Si può dire tranquillamente la stessa cosa di tutte le questioni che oggi avvelenano la vita della Chiesa cattolica: la gestione finanziaria e lo IOR, la pedofilia di troppi sacerdoti (basta leggere al riguardo il commento di bassissimo livello di un grande intellettuale come Joaquìn Navarro Valls, per anni portavoce di Woytila, per capire che aria tirava su quello scandalo), i rapporti scabrosi con la peggiore politica italiana (iniziati, lo ripetiamo, con lo sciagurato concordato del 1984 firmato da Craxi), fino alla vergogna dell'appoggio alla “cricca” di Balducci-Bertolaso-Anemone e compagnia, che inizia, nell'anno del Giubileo, il 2000, per non parlare di Comunione e Liberazione e Compagnia delle Opere e di don Verzé: tutta roba nata sotto Woytila, a cui Ratzinger sicuramente non poteva essere completamente estraneo, vivendo e operando in posizione di vertice nei palazzi vaticani.

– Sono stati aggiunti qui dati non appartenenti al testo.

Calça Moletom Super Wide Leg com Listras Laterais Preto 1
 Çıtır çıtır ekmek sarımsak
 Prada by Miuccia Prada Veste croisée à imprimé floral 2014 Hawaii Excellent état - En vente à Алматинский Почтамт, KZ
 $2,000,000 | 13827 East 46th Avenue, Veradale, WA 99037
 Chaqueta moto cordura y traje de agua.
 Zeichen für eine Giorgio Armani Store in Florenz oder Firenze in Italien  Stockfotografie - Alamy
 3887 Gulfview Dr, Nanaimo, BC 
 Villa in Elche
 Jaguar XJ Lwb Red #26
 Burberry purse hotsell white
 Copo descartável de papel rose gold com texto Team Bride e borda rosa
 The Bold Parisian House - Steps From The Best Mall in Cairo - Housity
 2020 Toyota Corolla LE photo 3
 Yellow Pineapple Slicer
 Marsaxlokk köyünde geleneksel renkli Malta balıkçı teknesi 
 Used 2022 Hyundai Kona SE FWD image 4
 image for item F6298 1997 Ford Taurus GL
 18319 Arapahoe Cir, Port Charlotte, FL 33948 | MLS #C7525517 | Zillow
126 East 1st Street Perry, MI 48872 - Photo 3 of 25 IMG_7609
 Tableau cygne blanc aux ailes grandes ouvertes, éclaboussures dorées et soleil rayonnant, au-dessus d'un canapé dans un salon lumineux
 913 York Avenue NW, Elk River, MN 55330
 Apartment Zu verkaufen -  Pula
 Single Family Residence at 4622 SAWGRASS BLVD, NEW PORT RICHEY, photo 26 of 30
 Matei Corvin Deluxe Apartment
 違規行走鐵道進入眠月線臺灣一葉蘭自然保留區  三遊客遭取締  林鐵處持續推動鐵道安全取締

E' un processo di corruzione che dura da oltre trent'anni (il caso IOR- Banco Ambrosiano- Calvi- Marcinkus esplode già alla fine degli anni Settanta, ed era in atto dai tempi di Paolo VI, Andreotti e Sindona: noi facevamo le scuole medie, le nostre eminenze attuali erano già tutte in prima fila).
Sui (pochi, pochissimi) contenuti che riguardano la fede e la morale di questi tempi non ci sembra nemmeno il caso di dilungarci: si darebbe un valore immeritato a questi otto anni di pontificato.
Un valore immeritato perfino in negativo, perché il Grande Restauratore, su questi temi, è stato Woytila, e non lo diciamo esclusivamente in termini di critica.
Ratzinger ha agito prima da “poliziotto della fede” (anzi, della dottrina), come ci ricorda Michela Murgia, che ridimensiona la sua fama di “grande teologo”, poi soltanto da meschino interprete della morale (basterebbe citare il caso Welby o il caso di Eluana Englaro).
La buona notizia è che almeno se n'è andato. In questo, forse, c'è un atto di pentimento, ma non lo sapremo mai. Aspettiamo davvero che lo Spirito Santo torni ad illuminare questa Chiesa caduta così in basso, e allora forse avrà senso tornare a parlare di Concilio, di idee, valori e contenuti. Il sistema di potere attuale, comunque, sembrerebbe arrivato al capolinea. Ben venga un nuovo papa, e in ogni caso, nessun rimpianto.